JUBA/KHARTOUM (Reuters) - South Sudan warned its neighbour Sudan that turning off oil flows through pipelines between the two countries could destroy the link unless production resumed within a few months.
South Sudan last week started shutting down oil production after Sudan said it would close the pipelines within 60 days unless South Sudan ended support for Sudanese rebels. Juba denies backing them.
Landlocked South Sudan exports oil through Sudan’s Red Sea terminal in the absence of its own export facilities.
Oil Minister Stephen Dhieu Dau said South Sudan had urged Sudan to reverse its threat to close the pipelines.
Sudan’s Oil Minister Awad al-Jaz said it was up to South Sudan to cut ties with insurgents operating across the shared border if it wanted oil flows to continue, state news agency SUNA said. “The ball is still in South Sudan’s court,” he said.

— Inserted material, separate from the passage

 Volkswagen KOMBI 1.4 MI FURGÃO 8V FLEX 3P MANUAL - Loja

The African Union is trying to mediate in the row between the neighbours which came close to war in April 2012, the worst violence since the South seceded in 2011.

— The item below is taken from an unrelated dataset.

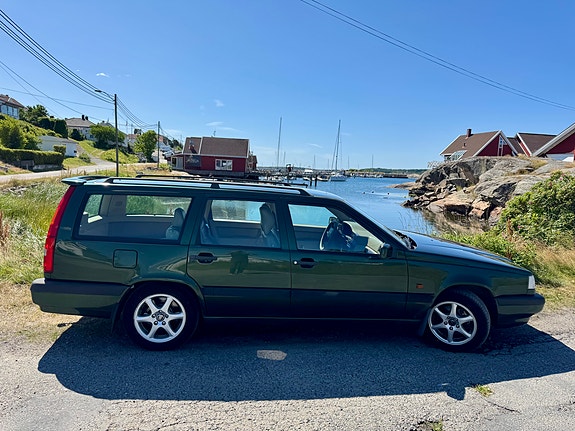 Volvo 850 4 of 5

Dau said pipelines would have to be flushed with water to avoid galling, which was accelerating the rusting of the metal.
He said if oil did not flow within several months, the pipeline would be a “total loss for the investors and the owners. It is not much our concern.”

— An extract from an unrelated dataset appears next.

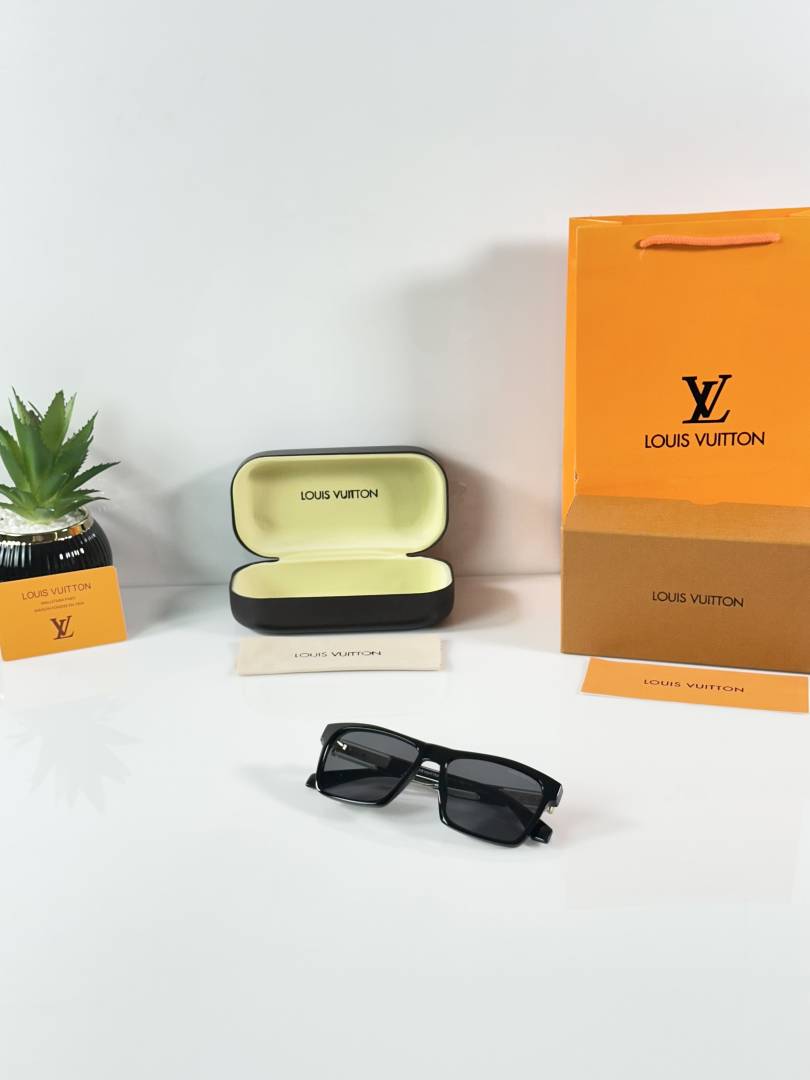 Louis Vuitton_2191_Shine_Black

The pipelines and other facilities in both countries were mainly built by China before formerly-united Sudan split in a messy divorce in 2011. China National Petroleum Corp, Malaysia’s Petronas and India’s ONGC Videsh run the oilfields in South Sudan together with the government.
South Sudan only restarted oil production in April after ending pumping around 300,000 barrels per day in January 2012 when the former civil war foes failed to agree on pipeline fees.
Dau said engineers had so far started closing wells in the Palouge field in blocks 3 and 7 while the shutdown of other smaller blocks in Unity state would start July 25.
He gave no new production figures, saying only it was less than 180,000 barrels a day last measured on Friday.
South Sudan relies on oil and foreign grants for most of its budget.
The shutdown is also likely to hit Sudan, which has been struggling with turmoil since losing most oil reserves with South Sudan’s secession. Oil fees from Juba are essential to bring down soaring inflation, which stokes dissent.